No rastro de Frank Gehry

Modernismo sem utopia

FERNANDA EZABELLA

WERNER HERZOG, o cineasta alemão, costuma repetir que Los Angeles é a cidade com mais "substância cultural" dos EUA, uma vez ultrapassado o brilho superficial do glamour hollywoodiano.
Uma forma de encontrar esta cidade "substanciosa" é se perder (de carro) em busca de suas casas famosas. Mas não as mansões das celebridades -como mostram as centenas de passeios oferecidos aos turistas- e sim as construções de arquitetos pioneiros, como a lendária Eames House (eames house.org), marco do modernismo, ou as várias com a assinatura do arquiteto Frank Gehry.
"Gehry está no mundo todo, mas aqui há uma concentração de casas particulares feitas por ele que não se vê em outros lugares, onde há mais museus e escolas", disse à Folha a crítica Sylvia Lavin, professora no departamento de arquitetura da Universidade da Califórnia em Los Angeles (Ucla).
"Nem todo mundo pode pagar para viver com detalhes fetichistas. Esta foi uma ótima ideia de Gehry, que levou a arquitetura para outra direção."
Lavin escreveu a introdução do livro "Frank Gehry - The Houses", que traz na capa a quase surrealista Schnabel House (1989), que aparece também entre as 20 citadas no livro "Living Architecture - Greatest American Houses of the 20th Century" [Arquitetura Viva - Melhores Casas Americanas do Século 20], lançado mês passado.
A Schnabel House, entregue no mesmo ano em que o arquiteto recebeu o Prêmio Pritzker, fica em Brentwood (526, Carmelina Drive), bairro de outras construções do arquiteto, como a Sturges House (1939), do arquiteto Frank Lloyd Wright (441, Skyewiay Road). [Veja galeria de imagens em folha.com.br/ilustrissima]
São como "objetos colocados na paisagem, como uma natureza-morta de Morandi", explica Gehry sobre o conjunto de quatro unidades que compõem uma espécie de vila da Schnabel House, hoje casa do produtor da Broadway Jon Platt.
"Viver numa casa de Gehry transforma o morador em artista.
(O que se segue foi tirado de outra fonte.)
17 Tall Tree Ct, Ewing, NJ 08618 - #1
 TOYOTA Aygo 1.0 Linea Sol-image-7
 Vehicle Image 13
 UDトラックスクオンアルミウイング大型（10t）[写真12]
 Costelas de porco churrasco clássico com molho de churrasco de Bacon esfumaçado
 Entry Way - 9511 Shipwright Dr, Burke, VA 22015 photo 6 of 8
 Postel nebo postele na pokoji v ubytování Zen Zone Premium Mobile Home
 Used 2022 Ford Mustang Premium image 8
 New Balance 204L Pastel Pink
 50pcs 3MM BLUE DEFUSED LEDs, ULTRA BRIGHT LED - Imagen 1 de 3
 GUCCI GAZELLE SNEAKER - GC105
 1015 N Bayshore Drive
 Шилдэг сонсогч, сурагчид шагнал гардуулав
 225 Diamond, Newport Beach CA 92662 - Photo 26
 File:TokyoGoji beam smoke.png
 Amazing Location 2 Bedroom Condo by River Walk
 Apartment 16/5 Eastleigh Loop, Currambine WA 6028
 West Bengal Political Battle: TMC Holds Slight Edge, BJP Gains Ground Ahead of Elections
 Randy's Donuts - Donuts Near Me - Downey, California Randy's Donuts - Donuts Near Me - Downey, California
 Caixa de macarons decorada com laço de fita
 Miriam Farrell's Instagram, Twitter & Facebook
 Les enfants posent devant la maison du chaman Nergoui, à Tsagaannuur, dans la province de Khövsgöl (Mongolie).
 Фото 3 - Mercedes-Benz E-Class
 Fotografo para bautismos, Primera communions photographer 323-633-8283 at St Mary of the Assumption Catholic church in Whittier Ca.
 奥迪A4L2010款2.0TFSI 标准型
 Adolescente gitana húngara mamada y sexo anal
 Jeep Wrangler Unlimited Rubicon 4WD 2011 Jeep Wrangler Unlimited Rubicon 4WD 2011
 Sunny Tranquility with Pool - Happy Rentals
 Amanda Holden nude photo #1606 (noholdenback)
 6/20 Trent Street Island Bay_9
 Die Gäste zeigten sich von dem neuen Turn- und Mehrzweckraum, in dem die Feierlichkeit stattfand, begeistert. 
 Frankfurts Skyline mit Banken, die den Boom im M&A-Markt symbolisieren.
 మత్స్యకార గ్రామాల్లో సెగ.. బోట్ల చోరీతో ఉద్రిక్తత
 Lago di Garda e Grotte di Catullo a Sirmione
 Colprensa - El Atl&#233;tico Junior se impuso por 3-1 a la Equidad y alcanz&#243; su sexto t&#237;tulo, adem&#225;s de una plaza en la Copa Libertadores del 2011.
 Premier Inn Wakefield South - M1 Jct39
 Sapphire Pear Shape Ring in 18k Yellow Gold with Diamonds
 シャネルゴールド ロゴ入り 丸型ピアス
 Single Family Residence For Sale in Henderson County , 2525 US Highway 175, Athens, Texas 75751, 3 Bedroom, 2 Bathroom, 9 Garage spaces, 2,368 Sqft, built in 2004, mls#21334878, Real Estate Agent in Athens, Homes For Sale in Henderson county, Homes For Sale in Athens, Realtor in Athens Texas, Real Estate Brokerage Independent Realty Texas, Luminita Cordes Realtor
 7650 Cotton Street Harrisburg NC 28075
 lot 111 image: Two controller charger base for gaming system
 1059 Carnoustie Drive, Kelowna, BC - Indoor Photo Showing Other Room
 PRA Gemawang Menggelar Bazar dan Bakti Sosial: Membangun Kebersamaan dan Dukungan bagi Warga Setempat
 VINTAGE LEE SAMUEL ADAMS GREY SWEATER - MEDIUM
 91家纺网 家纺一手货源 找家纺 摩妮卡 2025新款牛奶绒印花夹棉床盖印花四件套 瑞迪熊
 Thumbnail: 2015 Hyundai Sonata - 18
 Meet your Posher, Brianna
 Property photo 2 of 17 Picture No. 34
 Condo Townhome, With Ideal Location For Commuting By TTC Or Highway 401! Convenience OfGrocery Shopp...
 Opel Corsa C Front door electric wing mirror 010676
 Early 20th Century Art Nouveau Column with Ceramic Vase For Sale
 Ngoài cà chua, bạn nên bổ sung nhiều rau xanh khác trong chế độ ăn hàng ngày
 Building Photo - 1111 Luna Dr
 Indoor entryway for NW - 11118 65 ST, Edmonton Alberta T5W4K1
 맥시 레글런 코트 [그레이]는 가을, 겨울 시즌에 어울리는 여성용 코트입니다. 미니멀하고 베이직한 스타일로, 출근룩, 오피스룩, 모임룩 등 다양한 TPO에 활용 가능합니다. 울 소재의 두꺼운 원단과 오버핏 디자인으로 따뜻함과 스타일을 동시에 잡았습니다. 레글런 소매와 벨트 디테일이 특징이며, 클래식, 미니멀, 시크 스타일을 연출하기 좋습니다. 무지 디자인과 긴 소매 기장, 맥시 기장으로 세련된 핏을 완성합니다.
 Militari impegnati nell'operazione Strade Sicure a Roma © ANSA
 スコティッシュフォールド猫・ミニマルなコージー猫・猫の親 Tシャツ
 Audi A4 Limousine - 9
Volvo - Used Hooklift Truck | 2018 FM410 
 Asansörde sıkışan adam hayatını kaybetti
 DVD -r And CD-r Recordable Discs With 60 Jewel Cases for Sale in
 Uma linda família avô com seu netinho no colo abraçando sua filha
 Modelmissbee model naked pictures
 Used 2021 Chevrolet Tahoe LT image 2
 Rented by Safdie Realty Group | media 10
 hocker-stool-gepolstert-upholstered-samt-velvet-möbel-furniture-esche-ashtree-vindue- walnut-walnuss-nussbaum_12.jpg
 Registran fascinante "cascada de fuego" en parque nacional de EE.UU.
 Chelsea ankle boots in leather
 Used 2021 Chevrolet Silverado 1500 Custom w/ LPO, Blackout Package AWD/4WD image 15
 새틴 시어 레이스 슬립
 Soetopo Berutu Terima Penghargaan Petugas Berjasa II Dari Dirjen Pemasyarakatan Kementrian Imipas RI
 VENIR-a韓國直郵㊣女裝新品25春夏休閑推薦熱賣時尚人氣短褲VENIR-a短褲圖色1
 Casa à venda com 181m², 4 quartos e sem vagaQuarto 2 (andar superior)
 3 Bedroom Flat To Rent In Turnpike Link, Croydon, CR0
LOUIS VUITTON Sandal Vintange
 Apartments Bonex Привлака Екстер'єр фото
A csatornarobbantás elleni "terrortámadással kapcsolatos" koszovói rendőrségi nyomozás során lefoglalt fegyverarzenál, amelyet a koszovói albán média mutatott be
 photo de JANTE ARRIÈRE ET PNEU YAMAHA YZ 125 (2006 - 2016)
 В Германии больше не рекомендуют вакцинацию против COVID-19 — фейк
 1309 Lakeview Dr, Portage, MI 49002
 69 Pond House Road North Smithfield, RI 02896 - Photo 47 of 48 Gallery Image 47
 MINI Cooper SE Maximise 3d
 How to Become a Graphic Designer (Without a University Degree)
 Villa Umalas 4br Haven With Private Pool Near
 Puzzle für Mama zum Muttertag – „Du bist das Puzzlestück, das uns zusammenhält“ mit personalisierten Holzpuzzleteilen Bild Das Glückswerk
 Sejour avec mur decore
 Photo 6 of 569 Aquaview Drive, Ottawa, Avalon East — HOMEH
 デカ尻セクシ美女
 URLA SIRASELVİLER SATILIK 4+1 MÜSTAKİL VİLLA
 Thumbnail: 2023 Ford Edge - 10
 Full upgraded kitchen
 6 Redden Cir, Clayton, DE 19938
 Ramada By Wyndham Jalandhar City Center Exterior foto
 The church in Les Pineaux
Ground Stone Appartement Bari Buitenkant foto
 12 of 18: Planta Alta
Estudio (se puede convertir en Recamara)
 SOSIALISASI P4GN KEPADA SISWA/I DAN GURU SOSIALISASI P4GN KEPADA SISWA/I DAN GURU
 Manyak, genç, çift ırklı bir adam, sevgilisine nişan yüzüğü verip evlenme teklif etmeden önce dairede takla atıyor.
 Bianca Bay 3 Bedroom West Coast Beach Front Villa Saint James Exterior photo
Os interiores pedem a bagunça ativa do proprietário para que a decoração seja finalizada. Você participa do design", acredita Lavin.
Gehry, 81, nasceu em Toronto e faz parte do grupo de artistas que se mudou para L.A. em meados do século passado para criar uma espécie de versão pós-Guerra da vanguarda, um modernismo sem utopia, numa terra ensolarada e aberta a experimentos.
É possível ver espalhadas pela cidade construções que moldaram seu pensamento, principalmente nos projetos de casas particulares, como a sua, em Santa Monica (1002, 22nd Street) -onde Gehry mora até hoje, desde que a reformou no final dos anos 70, aplicando materiais como madeira compensada, vidro e alumínio corrugado. (Há várias tomadas de Gehry no interior desta casa no documentário "Sketches of Frank Gehry", de Sidney Pollack.)
Ou o cartão-postal da cidade, o Walt Disney Concert Hall, um palácio reluzente de placas curvas de titânio, hoje símbolo da arquitetura de Gehry. A sala só ficou pronta em 2003, mas foi desenhada em 1991, depois do Pritzker e antes do museu Guggenheim de Bilbao (Espanha).

OS AMORES DE JOHN CAGE
O compositor, filósofo e colecionador de cogumelos John Cage (1912-92) ganhou nova biografia que retrata seu processo meticuloso de trabalho e também sua vida amorosa. "Begin Again", de Kenneth Silverman (ed. Alfred A. Knopf, 484 págs., US$ 26, R$ 45), conta detalhes de como foi criada a famosa composição silenciosa "4'33''", realizada em 1952. E também que seu primeiro relacionamento "sério" foi com um homem, na época do colégio, antes de se casar com Xênia Kashevaroff -que acabou deixando para ficar com o coreógrafo Merce Cunningham (1919-2009), numa das parcerias mais prolíficas da história das artes do século 20. Há passagens sobre sua filosofia zen e sobre as aulas que teve com o compositor austríaco Arnold Schoenberg em Los Angeles, onde nasceu.

IMAGENS DE ÍDOLOS
Dois livros chegaram às prateleiras no último mês com fotos raras de movimentos musicais que tiveram passagens importantes por Los Angeles nos anos 1970.
"The Beautiful & The Damned" (ed. Foggy Notion Books/Smart Art Press, 112 pags., US$ 28, R$ 48) traz 95 imagens inéditas da cena punk na cidade, registradas pela fotógrafa Ann Summa, que há 30 anos colabora com as revistas "Rolling Stone" e "Artnews".
Já "Bob Marley and the Golden Age of Reggae" (Titan Books, 160 pags., US$ 20, R$ 34) traz fotos de Kim Gottlieb, na época casada com um dos diretores da gravadora Island, Jeff Walker. Ela registrou os diversos encontros que teve com os músicos, na Jamaica e no escritório da empresa em Los Angeles. Está lá toda uma geração: Peter Tosh, Bunny Wailer, Toots Hibbert, Burning Spear e, claro, Bob Marley. O diretor Cameron Crowe (do filme "Quase Famosos") assina a introdução do livro.